* **WHAT IS NEEDED**:
Could the listing be repeated exactly, with every picture dropped?

* **MATERIAL PROVIDED**:
---*---

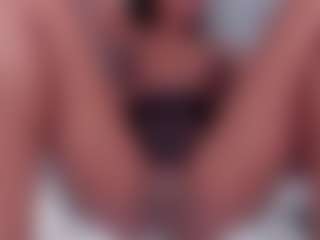 Live cam show with Yera - Black Young Adult on Strip Flash - Live Sex Shows
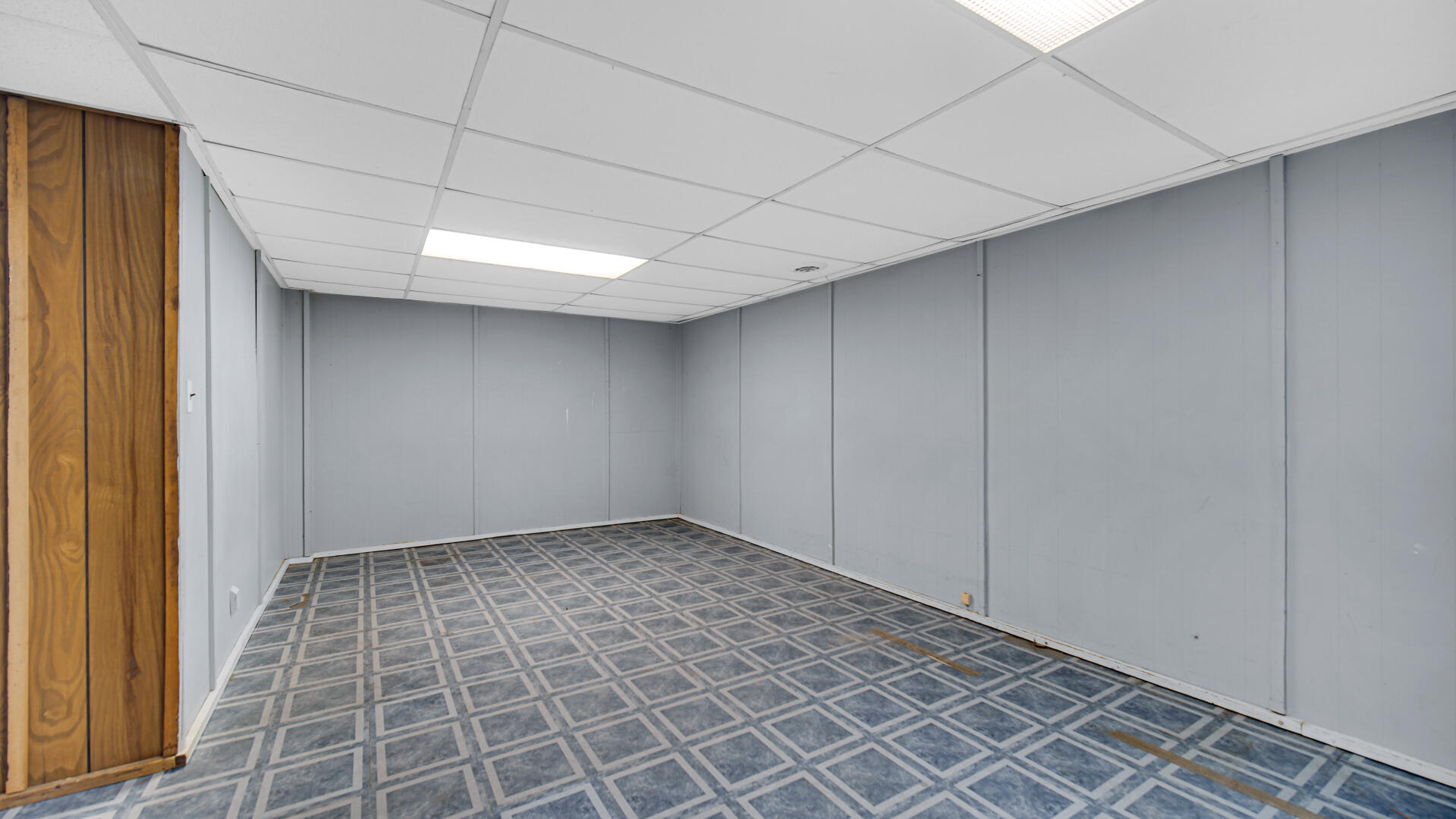 5505 West Schultz Road La Porte, IN 46350 - Photo 13 of 39 a view of an empty room and window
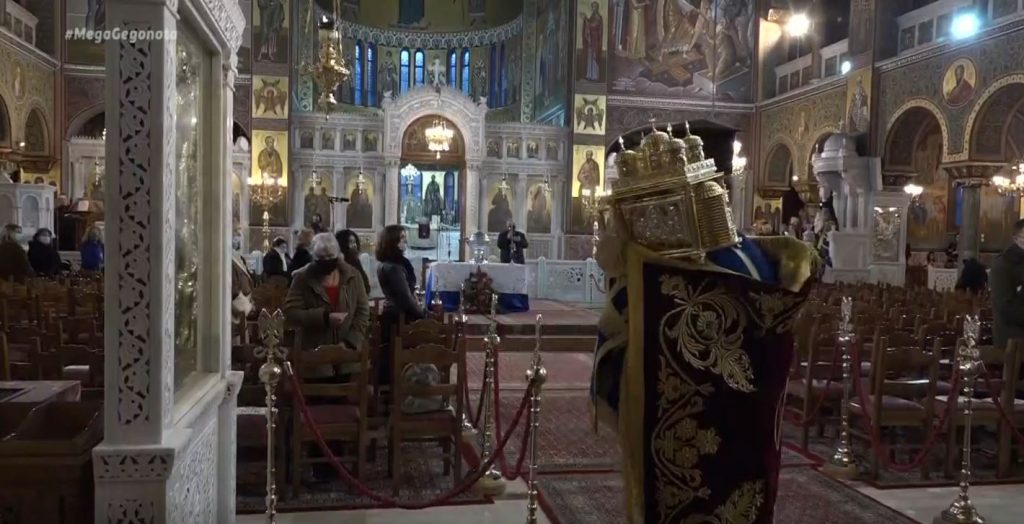 Θεοφάνια: Με παρουσία πιστών, αγιασμό υδάτων εντός των ναών, αλλά και προσαγωγές και πρόστιμα η μεγάλη γιορτή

---*---

* **ANSWER TO THIS TASK**:
 Live cam show with Yera - Black Young Adult on Strip Flash - Live Sex Shows
 5505 West Schultz Road La Porte, IN 46350 - Photo 13 of 39 a view of an empty room and window
 Θεοφάνια: Με παρουσία πιστών, αγιασμό υδάτων εντός των ναών, αλλά και προσαγωγές και πρόστιμα η μεγάλη γιορτή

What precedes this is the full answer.